[Review] The Correctness-Security Gap in Compiler Optimization

Overall merit - 4. Accept

Reviewer expertise - 2 Some familiarity

Paper summary

The paper identifies the correctness-security gap in compiler optimizations. This gap arises because an optimization that correctly preserves semantics doesn’t necessarily preserve security properties. Case studies have been conducted to show instances of optimization techniques that result in this gap and make programs vulnerable to attacks that exploits persistent state, undefined behaviour, and side channels. The structure of compiler correctness proof is summarized as proving the existence of a winning strategy for a observational equivalence game between security analyst and a compiler writer. The correctness-security gap is analyzed and inaccuracies with the standard machine execution model are identified. Refinements of the execution model are proposed and open problems are raised to further investigate the correctness-security gap.

Comments for author

This paper belongs to a different genre as compared to the other papers we have read. Most of the papers that we’ve seen so far introduce new compiler and/or language designs, whereas the contribution of this paper is mainly identifying a research niche. I think the question raised is intriguing and tricky to deal with. We want compiler optimizations to be semantically correct, to generate efficient code, and at the same time to preserve security guarantees. These are a lot to ask all at once so I think some tradeoff must be involved. The authors does a great job introducing the three classes of security weaknesses in section III. The definitions of optimization techniques are clear and the vulnerabilities after optimization are well explained so it is fairly comprehensible and educative for people with little previous knowledge on compiler optimizations (like me). The code listings of the case studies are also very helpful in understanding the problem. I got somewhat confused by the notations used in the definitions in section IV, but I found the idea of using winning strategies from game-theory to model observational equivalence to be interesting. I don’t understand what Borel determinacy theorem is though.

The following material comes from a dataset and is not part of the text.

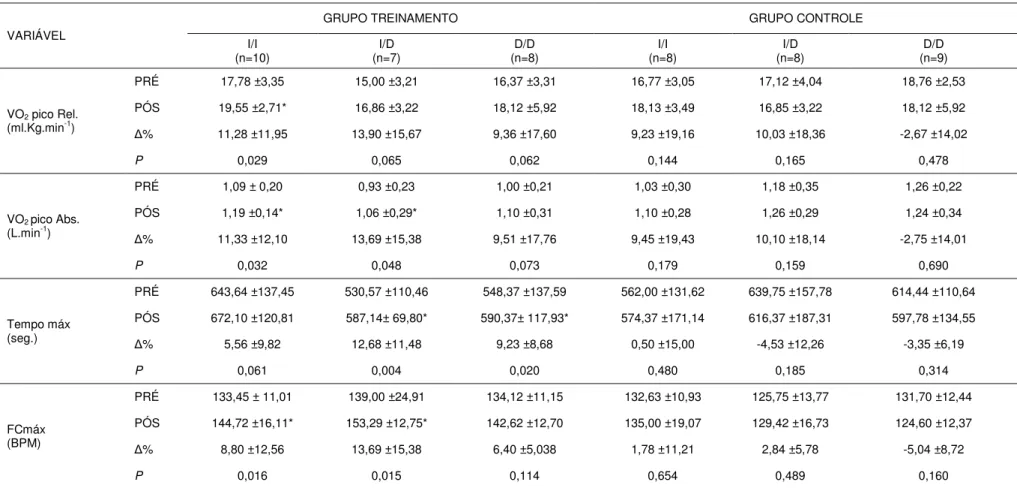 Tabela 6. Médias e desvios-padrão dos efeitos do Treinamento Resistido sobre Aptidão Cardiopulmonar nos diferentes genótipos do gene da ECA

Comments for PC(hidden from authors)

The Common Weakness Enumeration (CWE) cited in the paper is interesting to look at, but I think maintaining this list is a double edged sword. It could be used for prevention and mitigation but on the other hand attackers can use it as a recipe to exploit programs.
The notations in section IV are introduced without proper definitions. For example, on page 79 near the bottom, what is S and E in (S, E, l)?
On page 73, they mentioned three much debated questions, I might have missed it but I am not sure what the authors’ stance on these questions is, and also what do people think about these questions?